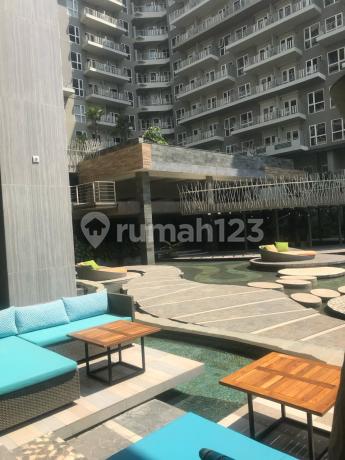 Jual Apartemen Grande Valore Siap Huni Full Furnished Type Studio, Cikarang Selatan, Bekasi, 004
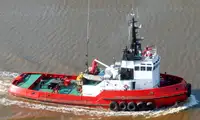 Tàu kéo để bán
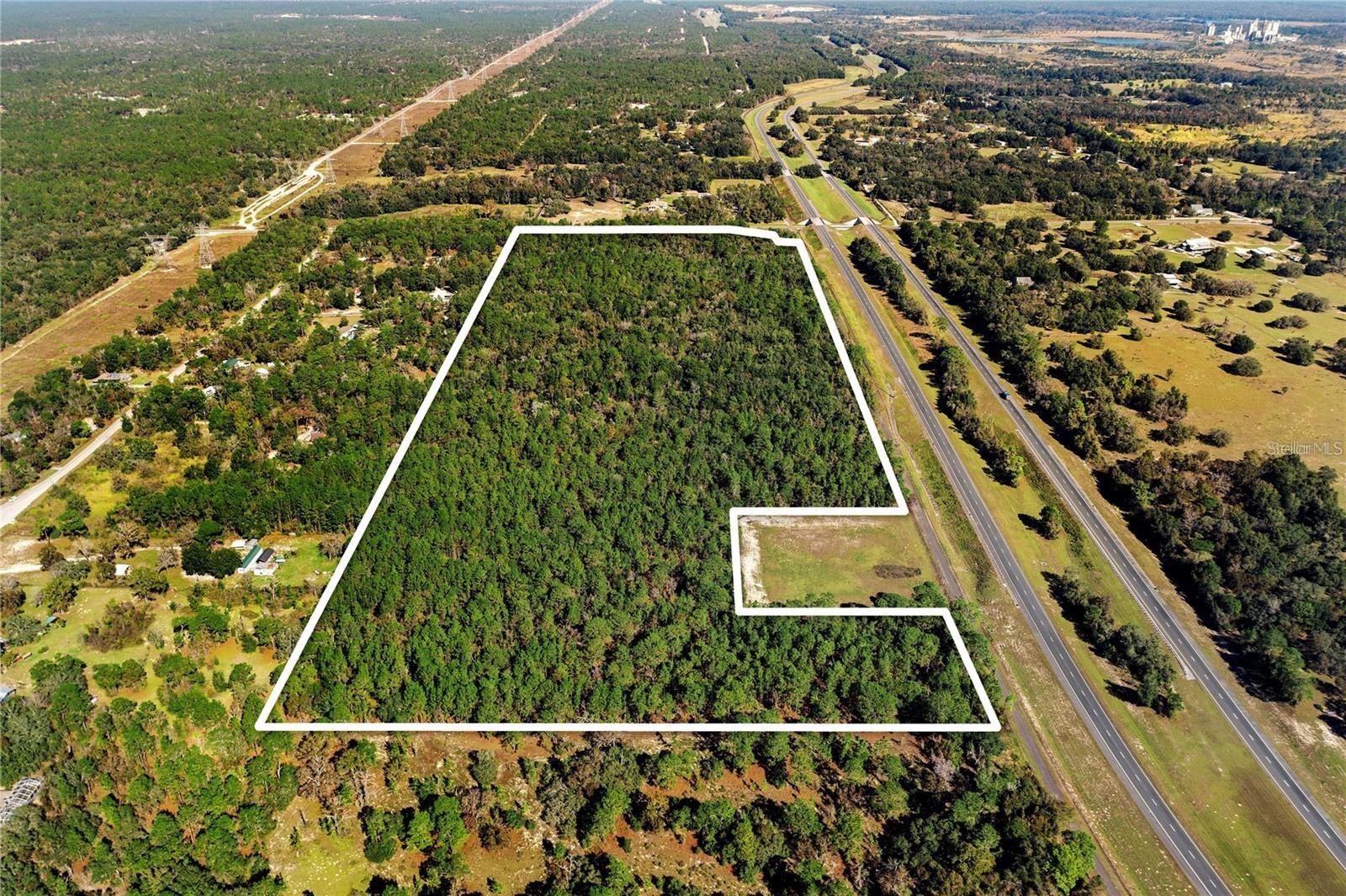 Details for Tbd Centralia Road, BROOKSVILLE, FL 34614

━━━

# [Assigned task]
The whole listing must be restated word for word. Leave out any pictures.

# [Worked solution]
 Jual Apartemen Grande Valore Siap Huni Full Furnished Type Studio, Cikarang Selatan, Bekasi, 004
 Tàu kéo để bán
 Details for Tbd Centralia Road, BROOKSVILLE, FL 34614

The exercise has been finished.